Pernyataan tersebut mengingatkan kita bahwa dalam sistem hukum Indonesia, apapun hasil dari uji forensik atau laboratorium, hasil tersebut masih harus diuji lebih lanjut dalam proses peradilan yang melibatkan berbagai elemen pembuktian lainnya.

Ketimpangan Proses Hukum

Selain mengkritik hasil forensik, Roy juga menyoroti ketimpangan yang terjadi dalam penanganan kasus ini. Ia mengungkapkan bahwa laporan dari kelompok pelapor, Tim Pembela Ulama dan Aktivis (TPUA), yang diajukan sejak Desember tahun lalu, tidak menunjukkan progres berarti. Sementara itu, laporan terkait dugaan ijazah palsu Presiden Jokowi yang dilaporkan pada awal Mei langsung masuk ke tahap penyelidikan.

"Ada ketimpangan proses hukum. Saat TPUA melapor, kasusnya mandek. Begitu Pak Jokowi melapor, langsung jalan," ujar Roy, menggambarkan adanya perbedaan perlakuan yang ia anggap tidak adil dalam penanganan kasus hukum.

Perbedaan dalam kecepatan penanganan kasus ini menambah ketegangan, terutama dalam hal transparansi dan keadilan yang menjadi prinsip dasar dalam hukum.

Ijazah yang Tidak Pernah Diperlihatkan

Salah satu hal yang paling disoroti oleh Roy adalah ketidakjelasan mengenai bukti fisik berupa ijazah itu sendiri. Ia menyebutkan bahwa meskipun pengumuman hasil forensik telah dilakukan, publik belum diberi kesempatan untuk melihat dokumen yang dimaksud—yakni ijazah tersebut. Menurut Roy, pengumuman Bareskrim yang tidak disertai dengan bukti fisik menjadi sebuah narasi yang meragukan.

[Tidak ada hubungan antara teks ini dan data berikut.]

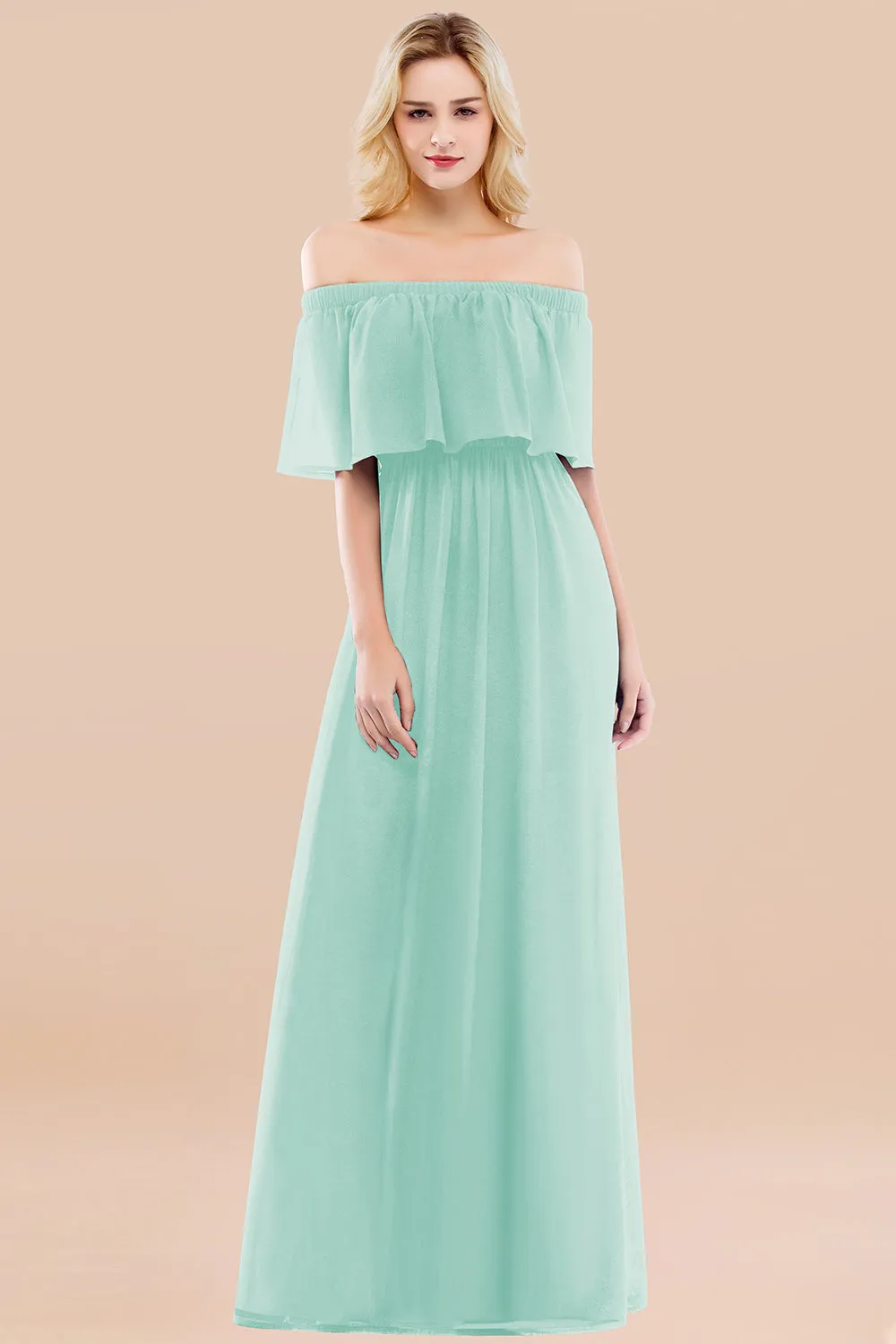 A-line Chiffon Off the Shoulder Ruffles Long Bridesmaid Dress with Sleeves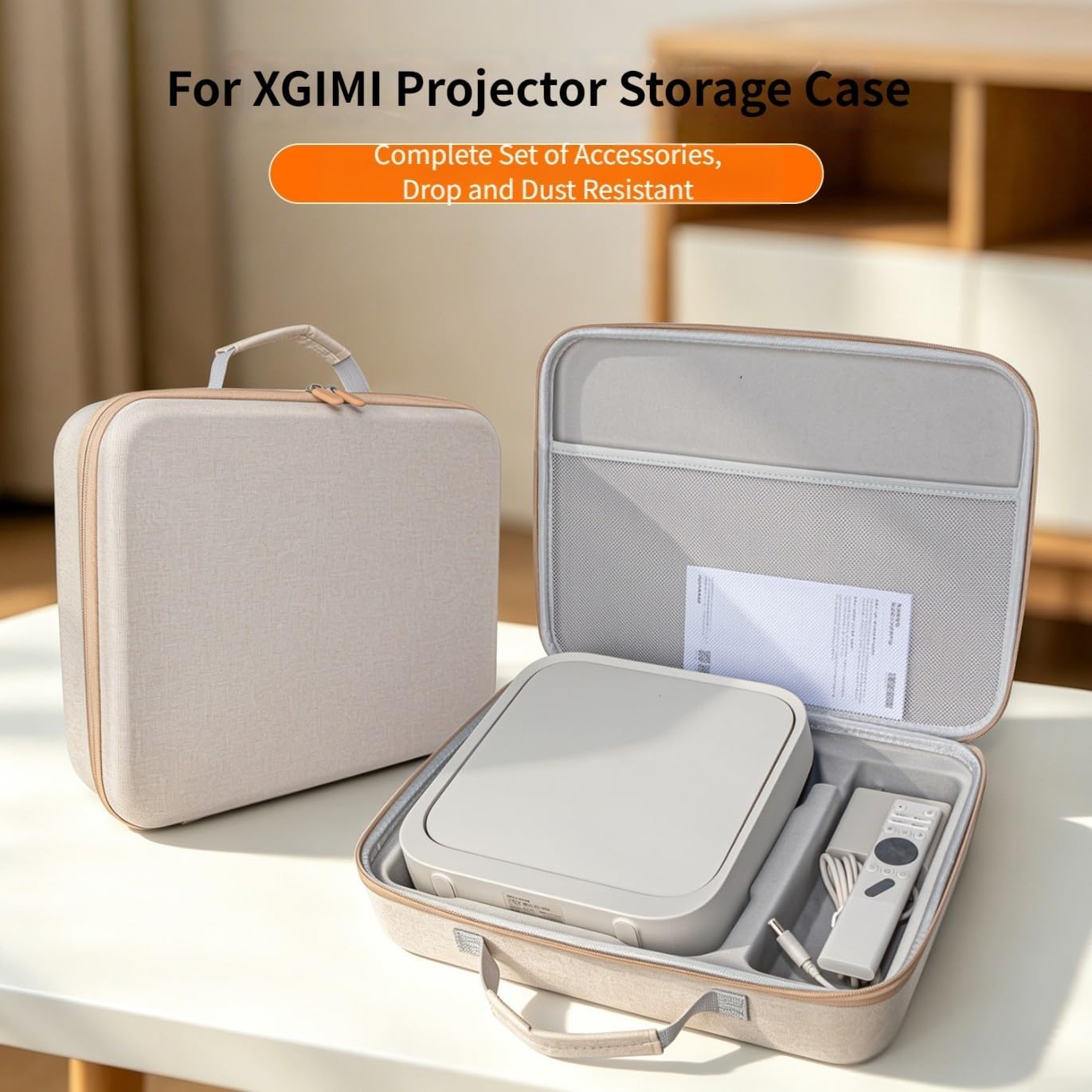 Estuche de almacenamiento para proyector, funda rígida de EVA para XGIMI Z6X-5, manejo de protección de proyector y almacenamiento de accesorios construido específicamente (beige)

"Ijazahnya tidak pernah ditunjukkan. Bagaimana masyarakat bisa menilai? Ini seperti disuruh percaya bahwa permennya enak, tapi permennya tak pernah kita lihat atau cicipi," ujar Roy, mengibaratkan proses ini seperti sebuah janji yang tidak terbukti.

Roy menganggap transparansi menjadi hal yang sangat penting dalam kasus ini, mengingat ijazah adalah dokumen yang seharusnya dapat diakses oleh publik, bukan sesuatu yang dirahasiakan.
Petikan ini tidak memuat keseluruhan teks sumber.